Also, the villains tended to be vindictive or power hungry madmen, using their abilities to get back at enemies or to get into positions of authority. Ed Begley Sr. as a corrupt Federal Judge hoping to massacre the Supreme Court so he can get a seat (after he was rejected). Or John Dehner as a man who was left for dead in a Mexican War incident by soldiers including then Captain U.S. Grant, and who has been repaired with steel and wire so that he can't be shot - now he wants to kill Grant. Or, best of the lot, diminutive in size if not talent Michael Dunn as Dr. Miguelito Lovelace, who keeps trying to take over first California, then the U.S (and later the world) and rebuild it according to his ideas of a future (which would include smaller sized people).

This episode illustrated the strengths and weaknesses of the series.

Somebody is killing off various friends of West (Robert Conrad) and his partner Artemas Gordon (Ross Martin). These include West's old military commander (Col. Arnette - John Warburton), who is killed while West is momentarily paralyzed by a drink that has been targeted, and a comedian friend of West and Gordon killed by a bomb on stage while they are watching. It turns out, after they are summoned, that the perpetrator is one Braine, a super genius and megalomaniac (played by Edward Andrews) who rides around in a wheel chair driven by a steam engine. He has plans for taking over the globe (naturally), involving replacing Grant, and several other world leaders with doubles who will do his bidding - here to cause universal warfare.

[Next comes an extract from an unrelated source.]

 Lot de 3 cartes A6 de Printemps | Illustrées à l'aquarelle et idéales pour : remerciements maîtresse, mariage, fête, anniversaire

Whoever did the research got somethings close to right - but not quite. One of the leaders is Archduke Maximillian of Austria. In 1869 - 1877, Maximillian would not have been much use anywhere - he was dead by a Mexican firing squad in 1867 after Juarez finally defeated the Austrian archduke/ would-be Mexican Emperor at Querataro. Braine would have had some problems convincing anyone to support a dead Archduke.

The episode of course would follow how James West and Artemus Gordon would defeat Braine and his plan (eventurally hurtling the madman towards the doubles, so that the steam driven wheel chair becomes a weapon of mass destruction (another anachronism, but this one from me)).

I liked the technological goofs, and Ross Martin's impersonations (mostly for laughs). But for logical plots, you did not watch this type of escapism.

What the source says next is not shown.